Justyna Święty-Ersetic (; born 3 December 1992) is a Polish sprinter specialising in the 400 metres. She was the 2018 European champion and a two-time European Indoor Championship medallist in this event. Święty-Ersetic won many medals at major championships as part of Polish 4 × 400 m relays, including a gold in the mixed relay and a silver in the women's relay at the 2020 Tokyo Olympics.

She is multiple Polish national outdoor and indoor champion.

Career
Justyna Święty-Ersetic competed in the 4 × 400 metres relay at the 2012, 2016 Summer Olympics. She also won a bronze medal at the 2017 World Championships in the same event. At the 2018 European Championships in Berlin, she won an individual gold and later also anchored the Polish squad to the win despite the fact that both finals were separated by less than two hours.

At the 2020 Tokyo Olympics she represented Poland in the 4 x 400 m mixed relay, winning gold alongside Karol Zalewski, Natalia Kaczmarek and Kajetan Duszyński.
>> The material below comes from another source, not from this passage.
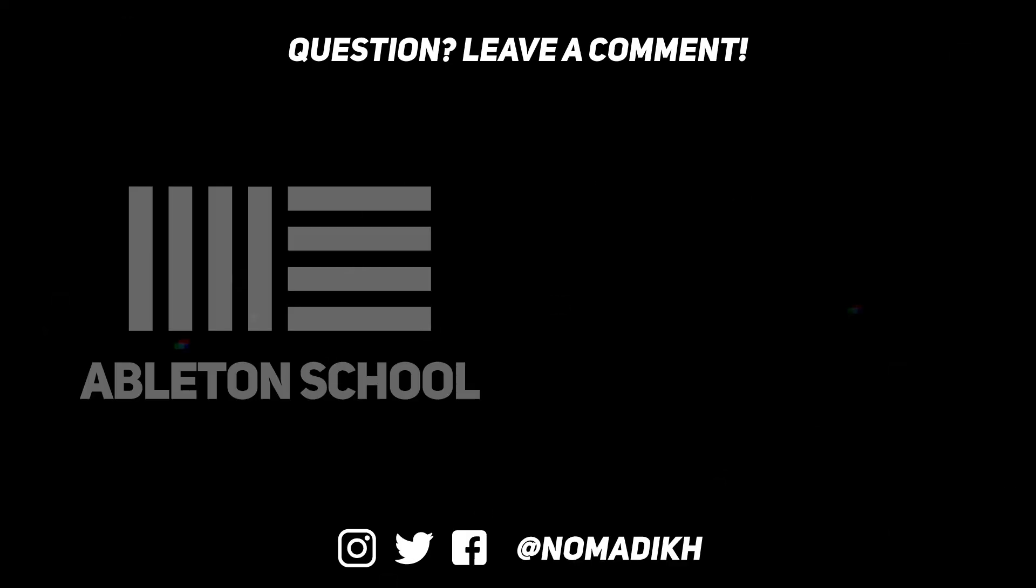All right, so that was today's episode. Next week is going to be the last episode and we're going to be talking about how you can take all these ideas that you put together after it's arranged, how you can engineer it so it sounds pretty nice and clean, and how to export your song once it's done. So I'll see you next week.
A few days later, Święty-Ersetic anchored the women's 4 × 400 m relay team of Kaczmarek, Iga Baumgart-Witan and Małgorzata Hołub-Kowalik, sealing a silver for the group.

In March 2022, Święty-Ersetic won for the second time World Athletics Indoor Tour in her specialist distance after 2020 victory, breaking a meeting record in Madrid.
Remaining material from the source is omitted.